Input for this task:
+ + + + +
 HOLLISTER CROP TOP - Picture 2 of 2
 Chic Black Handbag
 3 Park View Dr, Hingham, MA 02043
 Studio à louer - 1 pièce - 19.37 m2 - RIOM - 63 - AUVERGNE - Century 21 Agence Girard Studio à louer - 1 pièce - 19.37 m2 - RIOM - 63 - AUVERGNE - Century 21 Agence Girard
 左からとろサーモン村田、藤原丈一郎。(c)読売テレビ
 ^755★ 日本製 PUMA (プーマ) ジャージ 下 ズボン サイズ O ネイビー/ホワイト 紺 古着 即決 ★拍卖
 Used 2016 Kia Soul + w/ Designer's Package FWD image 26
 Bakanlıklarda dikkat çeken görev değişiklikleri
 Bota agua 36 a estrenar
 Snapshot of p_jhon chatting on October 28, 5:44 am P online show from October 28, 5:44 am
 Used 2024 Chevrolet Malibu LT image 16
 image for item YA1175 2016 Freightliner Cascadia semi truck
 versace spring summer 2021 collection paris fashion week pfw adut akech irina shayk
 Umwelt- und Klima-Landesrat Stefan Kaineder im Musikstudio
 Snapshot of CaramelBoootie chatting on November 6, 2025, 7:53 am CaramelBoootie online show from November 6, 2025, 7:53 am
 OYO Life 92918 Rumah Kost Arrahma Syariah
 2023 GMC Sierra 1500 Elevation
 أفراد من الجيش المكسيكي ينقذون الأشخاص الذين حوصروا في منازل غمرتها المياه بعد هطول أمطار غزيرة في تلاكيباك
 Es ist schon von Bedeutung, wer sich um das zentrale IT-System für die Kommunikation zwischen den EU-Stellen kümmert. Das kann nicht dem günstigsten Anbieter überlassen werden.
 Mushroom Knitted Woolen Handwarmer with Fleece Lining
+ + + + +
Exercise description:
Extract all of the data above without altering anything.

Output below:
 HOLLISTER CROP TOP - Picture 2 of 2
 Chic Black Handbag
 3 Park View Dr, Hingham, MA 02043
 Studio à louer - 1 pièce - 19.37 m2 - RIOM - 63 - AUVERGNE - Century 21 Agence Girard Studio à louer - 1 pièce - 19.37 m2 - RIOM - 63 - AUVERGNE - Century 21 Agence Girard
 左からとろサーモン村田、藤原丈一郎。(c)読売テレビ
 ^755★ 日本製 PUMA (プーマ) ジャージ 下 ズボン サイズ O ネイビー/ホワイト 紺 古着 即決 ★拍卖
 Used 2016 Kia Soul + w/ Designer's Package FWD image 26
 Bakanlıklarda dikkat çeken görev değişiklikleri
 Bota agua 36 a estrenar
 Snapshot of p_jhon chatting on October 28, 5:44 am P online show from October 28, 5:44 am
 Used 2024 Chevrolet Malibu LT image 16
 image for item YA1175 2016 Freightliner Cascadia semi truck
 versace spring summer 2021 collection paris fashion week pfw adut akech irina shayk
 Umwelt- und Klima-Landesrat Stefan Kaineder im Musikstudio
 Snapshot of CaramelBoootie chatting on November 6, 2025, 7:53 am CaramelBoootie online show from November 6, 2025, 7:53 am
 OYO Life 92918 Rumah Kost Arrahma Syariah
 2023 GMC Sierra 1500 Elevation
 أفراد من الجيش المكسيكي ينقذون الأشخاص الذين حوصروا في منازل غمرتها المياه بعد هطول أمطار غزيرة في تلاكيباك
 Es ist schon von Bedeutung, wer sich um das zentrale IT-System für die Kommunikation zwischen den EU-Stellen kümmert. Das kann nicht dem günstigsten Anbieter überlassen werden.
 Mushroom Knitted Woolen Handwarmer with Fleece Lining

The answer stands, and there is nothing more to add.